Бунь на поляне Цветляны,
осень взбежала – олень, –
только твои не сгубляны
ясовки, яблочный день;
только твои не срубляны
белые корни небес…
Дивится делу Цветляны
детская доля живее.
Москва
1913
Как ты подымаешь железо,
так я забываю слова:
куда погрохочет с отвеса
глухая моя булава?
Как птицы, маячат присловья,
но мне полонянна – одна:
подымет посулы любовья
до давьего дневьего дна.
По крыльям железной жеравы
стекает поимчивый путь,
добычит лихие забавы
ее белометная грудь.
Ветров перемерявши шелком
беззвучий твоих глубину,
я вызвежжусь на небе желклом,
помолньями в мир полыхну –
Чтобы ты, о, печале Роксано,
вершала могучий потуст,
ничьею рукой не касанна,
ничьих не касаема уст.
Москва
1912
Но под чадрою длинною
Тебя узнать нельзя!..
М. Ю. Лермонтов
Видючи – лукавые руки,
знаючи – туманов цвет,
помнючи – предсмертные муки,
слушайте звоночки монет.
Блеянье бедного разбега
(нет, он теперь не высок!) –
тлейте же, волосы Казбека,
счесанные ветром на висок.
Умыйница лиховеселья,
на дикие радость-сердца
зачем наступила газелья,
как воды смутила зерцать?
И медленна и желанна,
и хитростная – щедра,
со уст облетев, неустанно
опять налетала чадра.
И тот, кто тлеет повержен
за скальной, опасной тропой,
винтовки промерянныи стержень
оставил следить за тобой.
Пройди к повороту и скройся
из пыльных недель навсегда.
И, день мой персидский, утройся,
и пеной покройтесь, года!
1915
Зазмеившись, проплыла,
грозных вдаль отбросив триста,
в море – памяти скула –
в слезы взмыленная пристань.
Даже высушена соль,
даже самый ветер высох,
но морей немая боль
желтым свистом пляшет в лицах.
И в колени моряка
опрокинув берег плоский,
перережутся века
черным боком миноноски.
Уплывающим – привет,
остающимся – прощенье.
Нас – ни здесь, ни с теми нет,
мы – ведь вечности вращенье!
Евпатория
Июнь 1914 г.
Синеусое море хитро
улыбается ласковым глазом…
А я, умирая, вытру
из памяти разом
тебя и другую красавицу –
тонкорукую, робкую Тускорь,
пролетевшую ножкою узкой
от Путивля до старенькой Суджи
(засыпающих сказки детей)…
О, рассыпься изменою тут же,
инописец старинных бытей!
Как же забыть мне белые лапти? –
Ведь он раскинулся усами синими,
ведь полдню хочется крикнуть: «Грабьте
его жаркими нынями!»
Ведь – мгновению верен и крепок –
закипает, встает на дыбы,
и не мной же он выверчен – слепок
покоренной приморьем судьбы,
О, не с рук ли отряхивая бури,
ломая буйности рога,
под трубы Труворовы –
Рюрик взлетел на эти берега!
И – вновь закипевшие призраки бедствий
я вижу в опасном морском соседстве.
1915
Две слабости: шпилек и килек.
А в горячее лето
море целит навылет
из зеленого пистолета.
Но, схвативши за руку ветер,
позабывшее все на свете,
в лицо ему мечет и мечет
лето – горячие речи.
О, море – как молодец!

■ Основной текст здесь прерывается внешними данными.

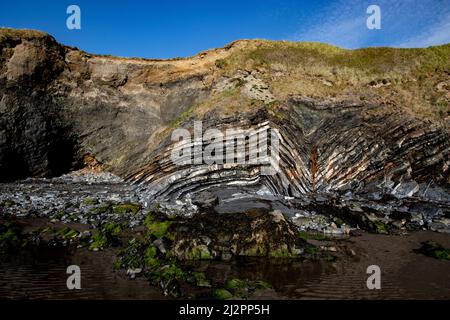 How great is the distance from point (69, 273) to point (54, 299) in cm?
188

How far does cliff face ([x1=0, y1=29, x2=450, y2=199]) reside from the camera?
24.2 meters

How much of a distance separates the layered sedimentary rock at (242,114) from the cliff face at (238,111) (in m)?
0.08

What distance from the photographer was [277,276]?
11.4m

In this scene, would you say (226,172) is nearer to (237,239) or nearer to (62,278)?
(237,239)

Весь он
встряхнул закипевшие кудри,
покрытый ударами песен
о гневом зазнавшемся утре.
Ты вся погружаешься в пену,
облизанная валами,
но черную похоти вену
мечтой рассеку пополам я.
И завтра, как пристани взмылят,
как валом привалится грудь:
навылет, навылет, навылет
меня расстрелять не забудь!
[1914]
Когда затмилось солнце,
я лег на серый берег
и ел, скрипя зубами, тоскующий песок,
тебя запоминая
и за тебя не веря,
что может оборваться межмирный волосок.
Всползали любопытно по стенам смерти тени,
и лица укрывала седая кисея…
Я ощущал земли глухое холоденье,
но вдруг пустынный воздух вздохнул и просиял!
Ты чувствуешь в напеве скаканье и касанье?
То были волны, волны! Возникнут и замрут…
Я вспомнил о Тоскане, где царствовать Оксане.
И вот тебе на память навеки изумруд.